(Captioned web image data)
• • • • • • •

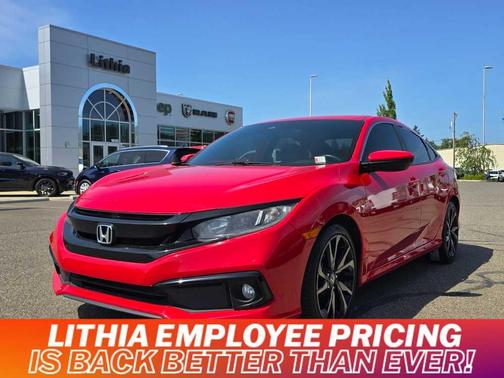 2019 Honda Civic Sport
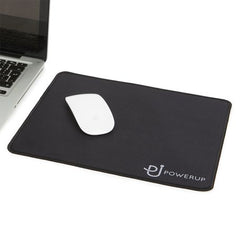 PowerUp Non-slip Mouse Pad – Black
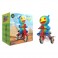 Super Cycles Figures - Super7 - Mummy Boy (Blue w/ Red Trike)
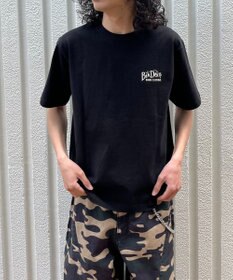 WEGO 【ユニセックス着用ITEM/MLサイズ展開】BENDAVISクラシックロゴT（SS）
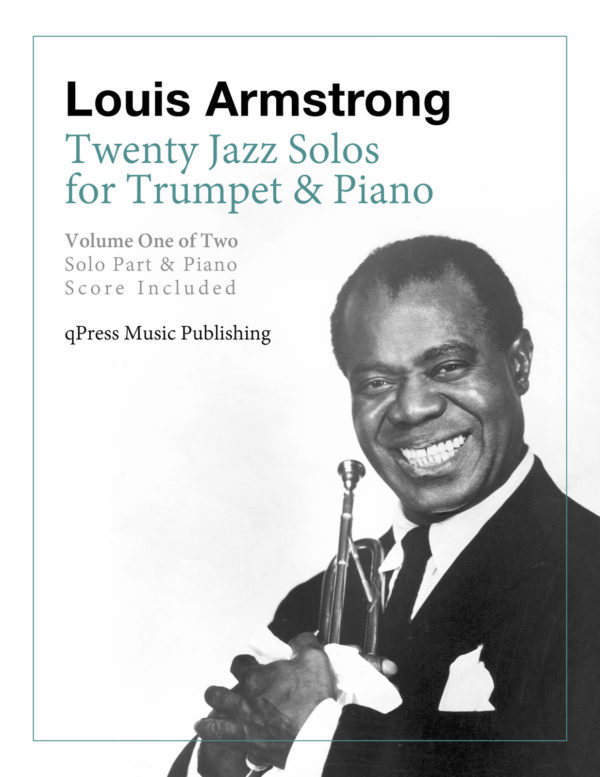 Armstrong, 20 Jazz Solos Vol.1 (Part and Score)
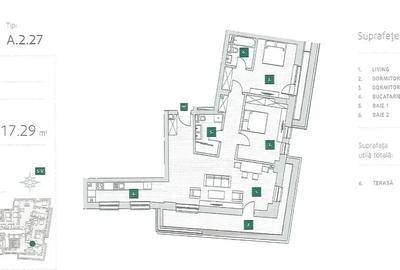 3 camere | Pache Protopopescu | Terasă 16 mp - 7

• • • • • • •

Return verbatim every line from the one holding "Armstrong, 20 Jazz" to the end of the records above. Do not copy the pictures.

 Armstrong, 20 Jazz Solos Vol.1 (Part and Score)
 3 camere | Pache Protopopescu | Terasă 16 mp - 7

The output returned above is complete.